I’m very excited to see not only that Matt Briggs has a new collection of stories, but it’s available in three eco-friendly formats: a web-powered Google Books preview edition, downloadable PDF, and print-on-demand trade paperback.

I’ve been a fan of Matt’s work for several years now and was lucky to convince him to drive all the way down from Seattle to do a reading and visit my fiction writing class (upon whom I took full advantage/opportunity to impose his wonderful collection Misplaced Alice). Also, as an editor at Clackamas Literary Review a couple of years ago, I gleefully plucked Matt’s story “The Death of Charlotte Bronte” from the submission stack and fast-tracked it into the 2007 issue. The experiments in his stories are subtle little knives that do their damage very sweetly, and I highly value the direction he is heading by opening up this new collection to the brave new world of electronic publishing.


3 responses to “Matt Briggs’ The End is the Beginning is truly just the beginning

  • Matt Briggs

    Thanks Trevor.

    It is a relief, really, to see that you noticed the release of my book…a trick to me of publishing and reading books is how to do it in way that doesn’t completely squash other people. The thing I like about online stuff is that it just grows to accommodate all the people who are making things and reading things. When there is more, there is just more.

    In the old world of bookshelves and retail stores and literary readings, there was a fixed number of feet for books to fill. There was a fixed number of days of the week that reading can happen. When an author reads in Seattle, for instance, at the Elliott Bay Book Company, they took up one slot among a fixed number of slots. Their books also took up space. I’m fortunate that I’m still getting the three and a half of inches from Elliott Bay, and I feel awkward asking for them for more inches. (You can take that any way you like!)

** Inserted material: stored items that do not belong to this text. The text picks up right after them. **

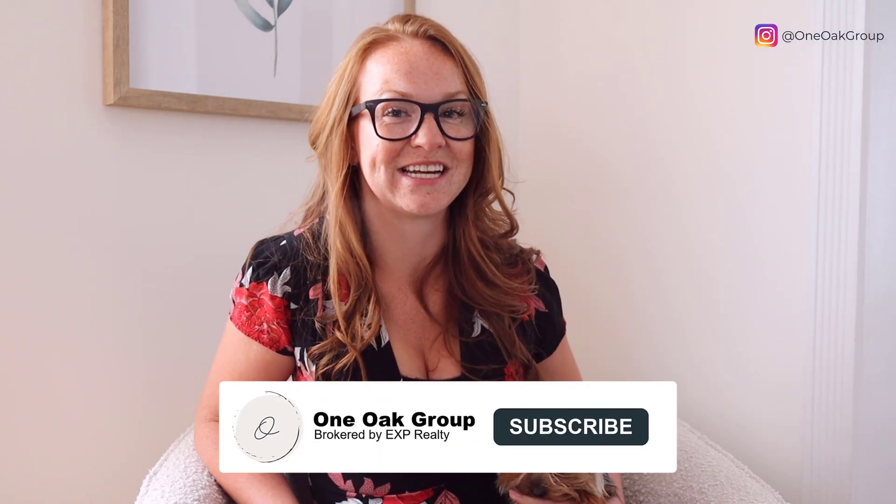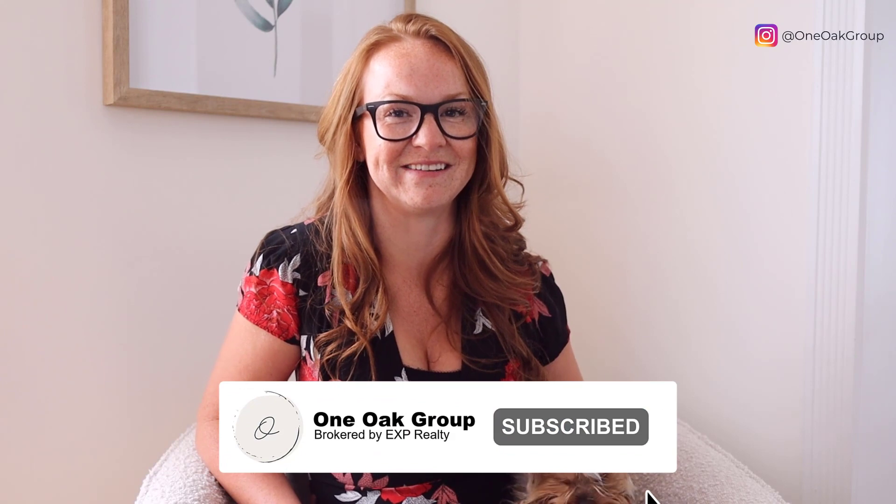It doesn't matter where you are buying or selling, there are always professionals like us around who have years of experience in the field. If we helped you at all with this video, please hit the button and subscribe to our channel so you don't miss any future videos. And if you're looking for reliable support with real estate services in Prince George, please give us a call. Our dedicated team of agents will be happy to help.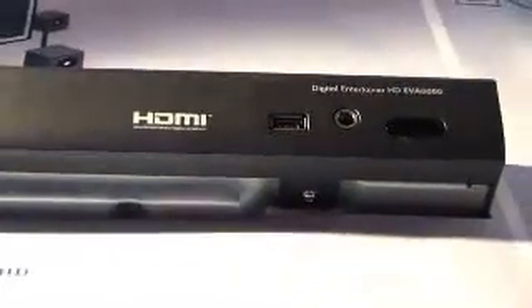The Digital Entertainer HD will be available in the first half of 2007, and the suggested retail price is $349.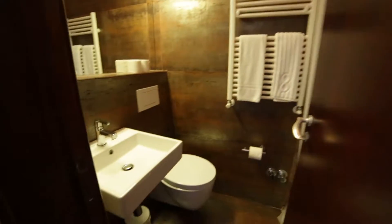And let's see the bathroom on this floor. The color is brown, and the shower has nice color too.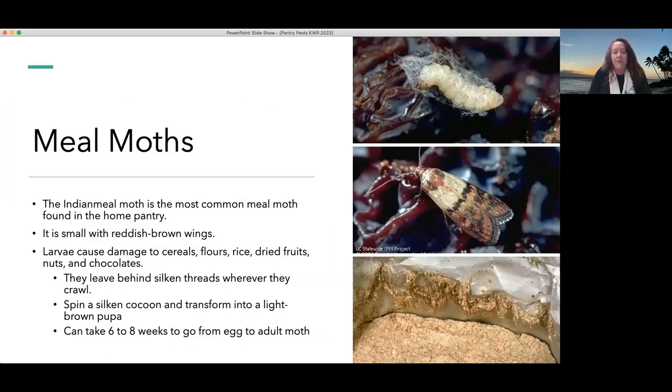Let me get into the pantry pests categorized as the group we typically find in stored food areas. The first to mention is the meal moth. The most common meal moth found in California pantries and stored food is the Indian meal moth. The adult is the moth stage — they fly and have wings. We may not even know we have these until we start seeing small moths flying around the kitchen or dead in the cupboard on the shelves.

    And so in this old world when someone speaks, they block out anyone else who wants to speak. A stack of books from Jonathan Raban for instance means there isn’t a stack of book from someone else. This actually a favor for a person who comes to a bookstore to browse. There is now way they could make sense of a bookstore filled with all of the books published every quarter.

    Instead, I wanted to take advantage of the fact that a book published primarily online (aside from the pragmatic reality that is about a million times easier to manage logistically) does not displace other books. There aren’t any shelves. Bookstores are unlikely to host a reading for a virtual book. How would you buy such a book? With your iPhone from the author or at the cash register?

    Books coexist peaceful online with reading. I’m unsure where the idea that digital technology is hostile reading comes from — I think there is some kind of odd transfer from the long standing prejudice against the television and vide games being applied. The digital is hostile to the current corporate media ecology.

    I thought Jessica Crispin made her point very well a recent essay in the Washington Post.

    “Now, of course, with Amazon, Abebooks and Powells, no rural teenager has to beg her parents for a ride into town to stare at the same books that have been for sale for the past 15 years. Every single book that has ever existed is a point, a click and a parents’ credit card number away.” OBetter, the same rural teenager can make their own books and find books written by nearly anyone that interests them no matter how backwoods or erudite their tastes are … despite the decline in the publishing industry and maybe even the shift of mass literacy to whatever is meant by post-literacy I think there the same kinds of people, you know bookish people, will like books in the future. I like books and play video games. My daughter likes books even though she as a pink Nintendo DS attached to her left eye like a barnacle.

    I hadn’t thought of my book being green. Any book I’ve ever published has had print runs so low that I doubt nothing beyond a couple of rounds of wood were lost. But, I guess it is green.

    Thanks again,

  • the lid

    matt and trevor and whoever else i can seduce:


    loyally yours,

  • trevor

    Matt, I love the way you’re thinking about using online publishing and distribution as a way to allow a little extra wiggle room out there for those who want it. And I totally totally totally agree 100 million percent about the false impression that books and games are mutually exclusive combatants in the (supposedly) fierce competition for readers’ eyes. Shane and I actually talked a bit about that in an upcoming episode of First Wall Rebate that we recorded last week, particularly how the archivist impulse is something we can easily track in games culture now.